■ About this exercise ■
Please repeat the records word for word and skip the pictures.
Record set START
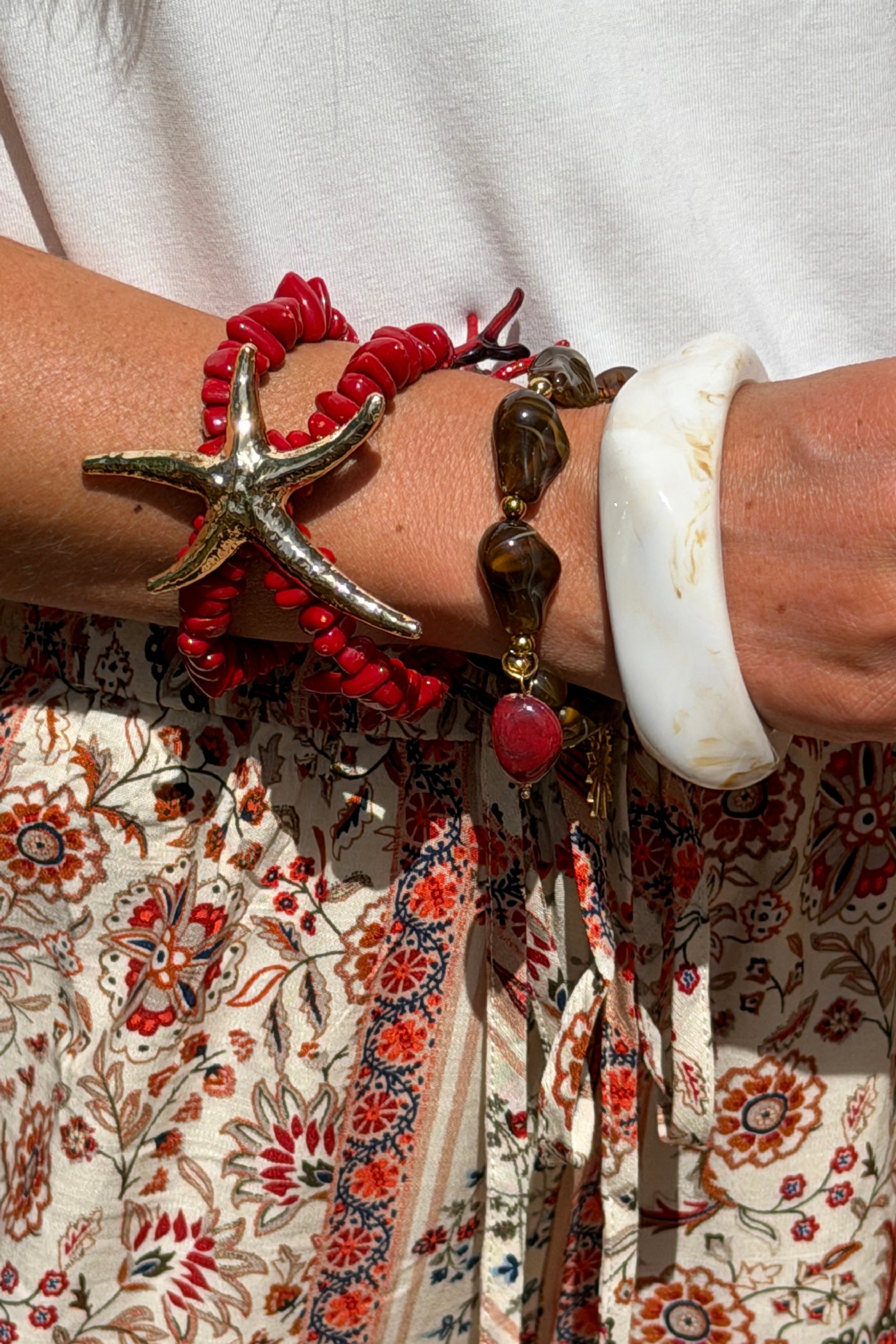 Bracelet double élastique perles effet corail étoile de mer dorée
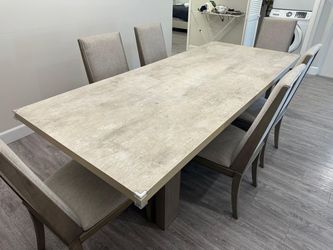 Beautiful dining set table + 6 chairs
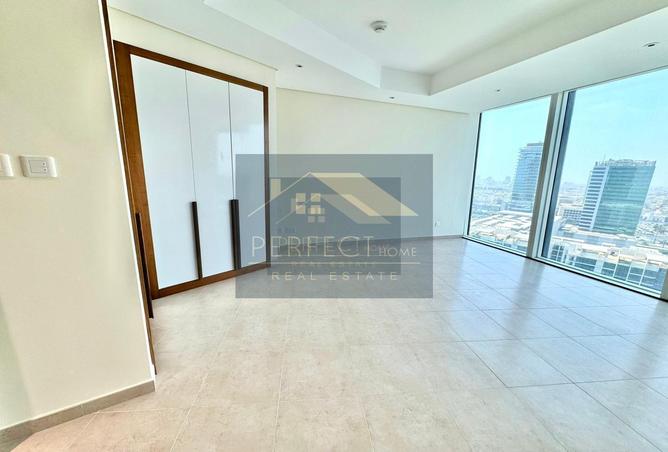 913568 - Property Image 2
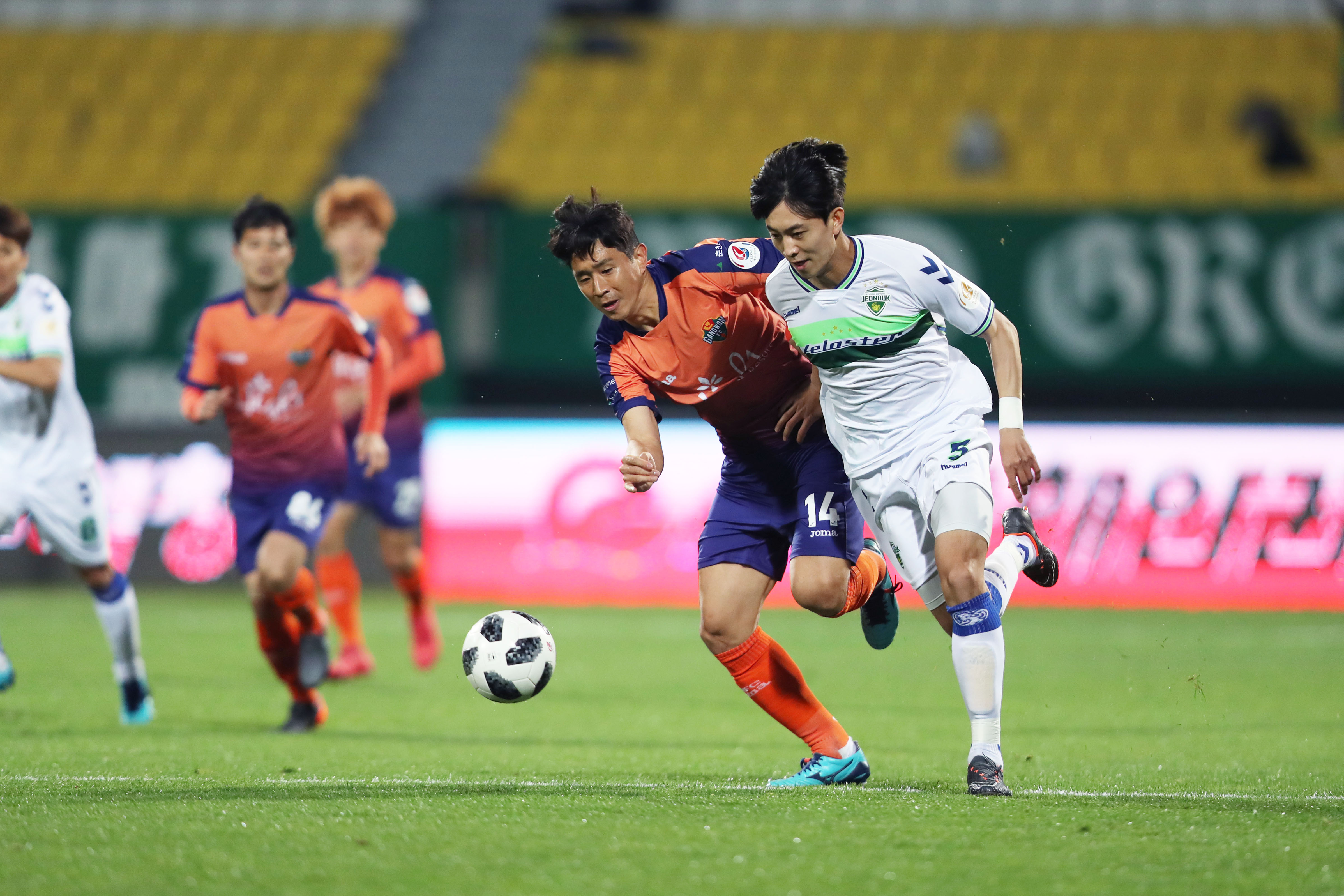 Soi kèo Gangwon vs Jeonbuk ngày 26/7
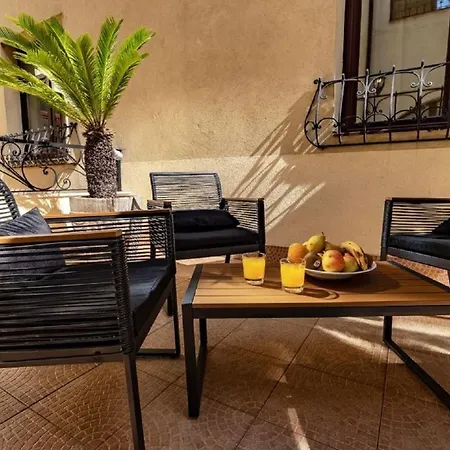 Trianon Hotel 3*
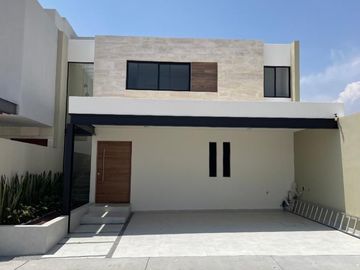 CASA EN VENTA EN PRIVADA RESIDENCIAL SAN ÁNGEL V
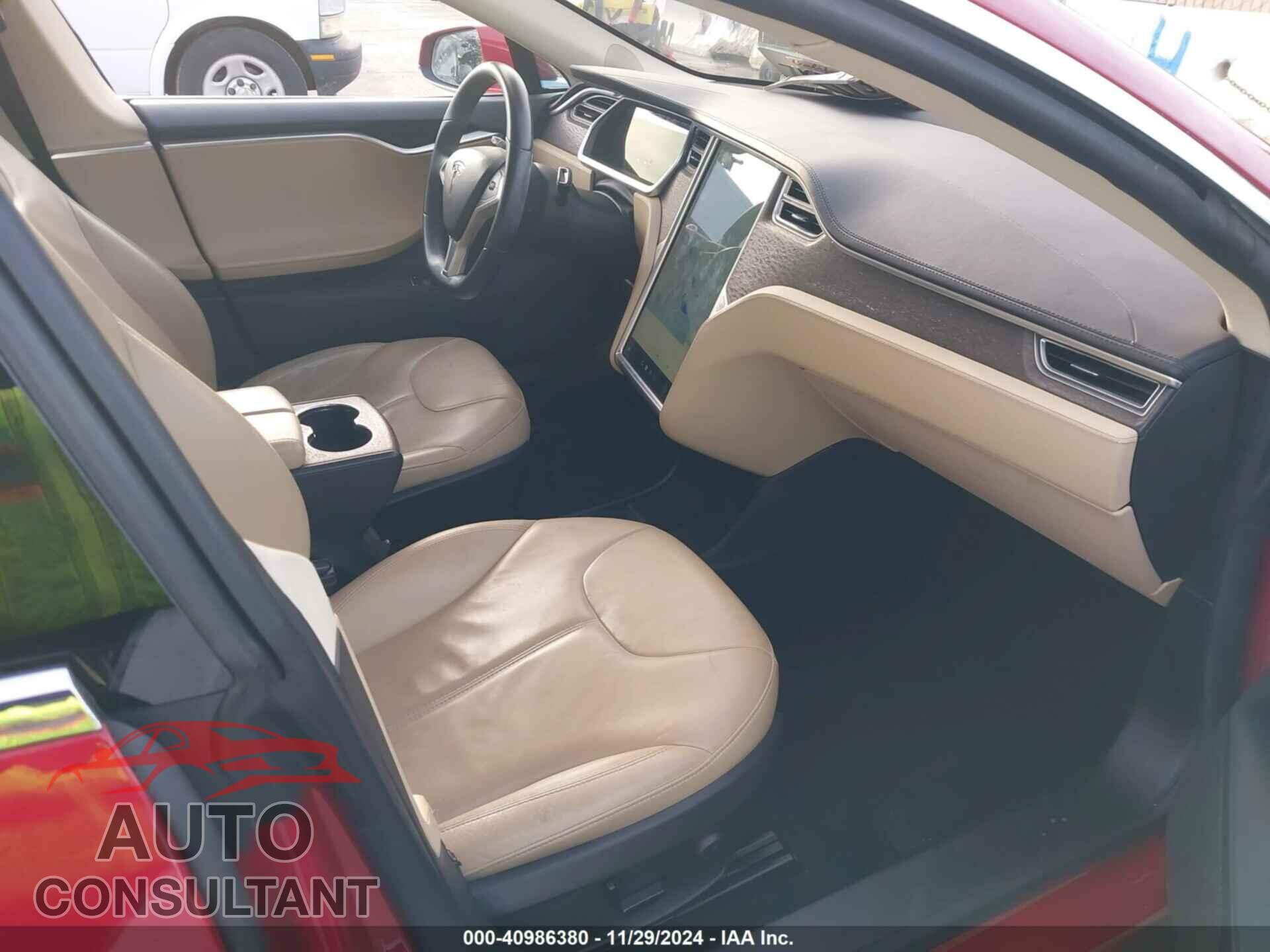 TESLA MODEL S 2013 - 5YJSA1CG8DFP15622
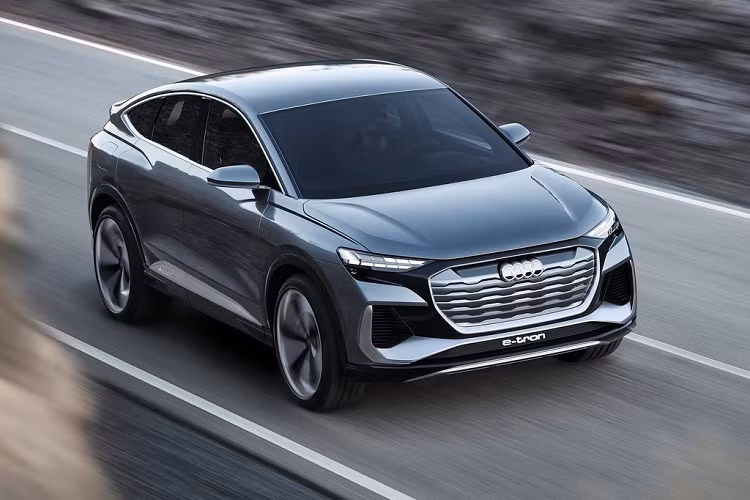 Theo các thông tin hiện tại, Audi Q4 e-tron Sportback sẽ có 2 cấu hình tùy chọn. Đầu tiên là biến thể trang bị 2 động cơ điện ở cầu trước và cầu sau, tạo thành hệ dẫn động AWD. Thông số công suất tổng cộng đạt 301 mã lực và mô-men xoắn đạt gần 310 Nm. Phiên bản này có cụm pin dung lượng 82 kWh cho phép người lái di chuyển tối đa khoảng 449 km (279 dặm) cho mỗi lần sạc đầy.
Record set END
■ Your response ■
 Bracelet double élastique perles effet corail étoile de mer dorée
 Beautiful dining set table + 6 chairs
 913568 - Property Image 2
 Soi kèo Gangwon vs Jeonbuk ngày 26/7
 Trianon Hotel 3*
 CASA EN VENTA EN PRIVADA RESIDENCIAL SAN ÁNGEL V
 TESLA MODEL S 2013 - 5YJSA1CG8DFP15622
 Theo các thông tin hiện tại, Audi Q4 e-tron Sportback sẽ có 2 cấu hình tùy chọn. Đầu tiên là biến thể trang bị 2 động cơ điện ở cầu trước và cầu sau, tạo thành hệ dẫn động AWD. Thông số công suất tổng cộng đạt 301 mã lực và mô-men xoắn đạt gần 310 Nm. Phiên bản này có cụm pin dung lượng 82 kWh cho phép người lái di chuyển tối đa khoảng 449 km (279 dặm) cho mỗi lần sạc đầy.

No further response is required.